У деда Семена была своя золотая и несбывшаяся мечта — стать столяром, но таким великим артистом-столяром, чтобы весь свет дивился на его волшебную работу.
Но пока что мечта эта сводилась к продолжительным и горячим спорам о том, как надо пригнать «заподлицо» оконный наличник или поправить сломанную ступеньку. Тут шла в ход такая замысловатая терминология, что запомнить ее было немыслимо.
Как человек озаряет те места, где он живет! Семен умер, и с тех пор эти места потеряли так много своей прелести, что трудно собраться с духом, чтобы поехать туда, где на песчаном кладбищенском бугре над рекой, среди плакучих ветел, лежит, говорят, на его могиле зернистый серый жернов.
В поисках слов нельзя пренебрегать ничем. Никогда не знаешь, где найдешь настоящее слово.
Изучая море, морское дело и язык моряков, я начал читать лоции — справочные книги для капитанов,
В них были собраны все сведения о том или ином море: описание глубин, течений, ветров, берегов, портов, маячных огней, подводных скал, мелей и всего, что необходимо знать для благополучного плавания.
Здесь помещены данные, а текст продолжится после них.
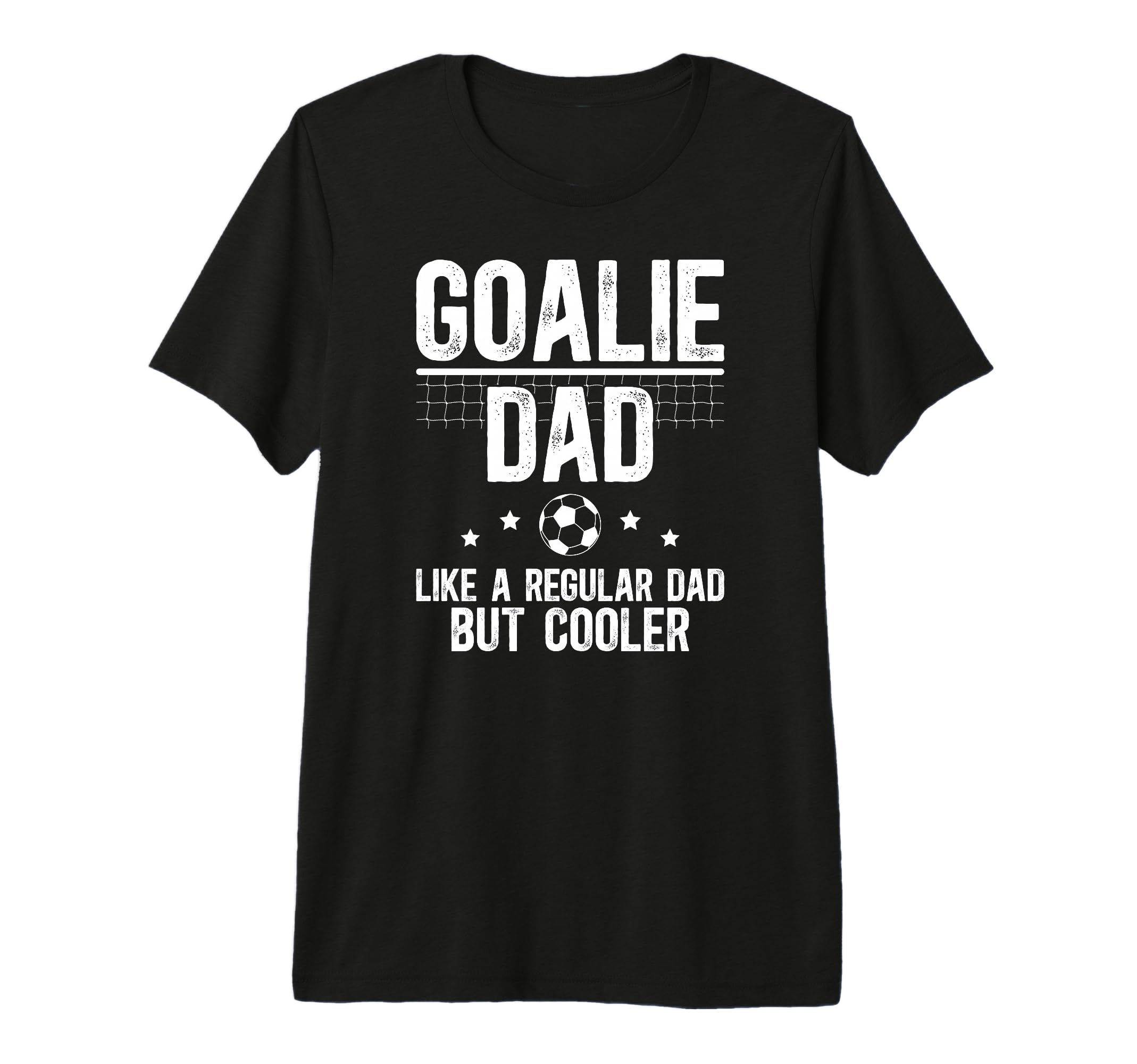 Mens Soccer Goalie Dad Definition T-Shirt - Casual Everyday Wear Unisex - T-Shirt, Sweatshirt, Hoodie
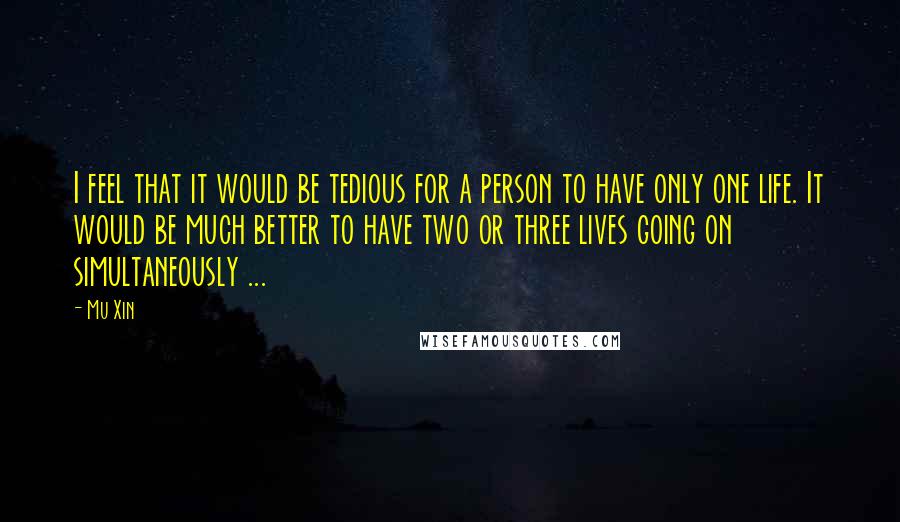 Mu Xin Quotes: I feel that it would be tedious for a person to have only one life. It would be much better to have two or three lives going on simultaneously ...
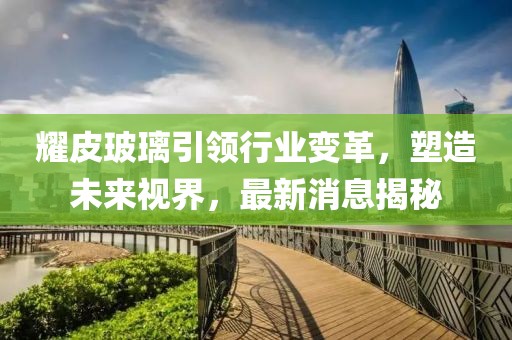 耀皮玻璃引领行业变革，塑造未来视界，最新消息揭秘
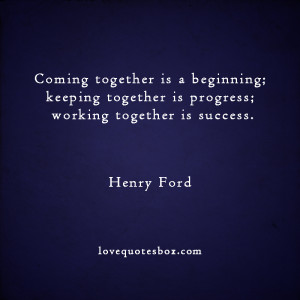 Coming together is a beginning; keeping together is progress;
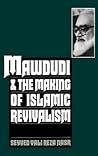 Mawdudi and the Making of Islamic Revivalism by Vali Nasr Mawdudi and the Making of Islamic Revivalism by Vali Nasr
Существуют лоции всех морей.
Первая лоция, попавшая мне в руки, была лоция Черного и Азовского морей. Я начал читать ее и был поражен великолепным ее языком, точным ч неуловимо своеобразным.
Вскоре я узнал причину этого своеобразия: безыменные лоции издавались с начала XIX века через равный промежуток лет, причем каждое поколение моряков вносило в них свои поправки. Поэтому вся картина изменения языка больше чем за сто лет с полной наглядностью отражена в лоции. Рядом с современным языком мирно существует язык наших прадедов и дедов.
По лоции можно судить, как резко изменились некоторые понятия. Например, о самом жестоком и разрушительном ветре — новороссийском норд-осте (боре) — в лоции говорится так:
«Во время норд-оста берега покрываются густою мрачностью».
Для наших прадедов «мрачность» означала черный туман, для нас она — наше душевное состояние.
Вся морская терминология, так же как и разговорный язык моряков, великолепна. Почти о каждом слове можно писать поэмы, начиная от «розы ветров» и кончая «гремящими сороковыми широтами» (это не поэтическая вольность, а наименование этих широт в морских документах).
А какая крылатая романтика живет во всех этих фрегатах и баркантинах, шхунах и клиперах, вантах и реях, кабестанах и адмиралтейских якорях, «собачьих» вахтах, звоне склянок и лагах, гуле машинных турбин, сиренах, кормовых флагах, полных штормах, тайфунах, туманах, ослепительных штилях, пловучих маяках, «приглубых» берегах и «обрубистых» мысах, узлах и кабельтовах — во всем том, что Александр Грин называл «живописным трудом мореплавания».
Язык моряков крепок, свеж, полон спокойного юмора. Он заслуживает отдельного исследования, так же как и язык людей многих других профессий.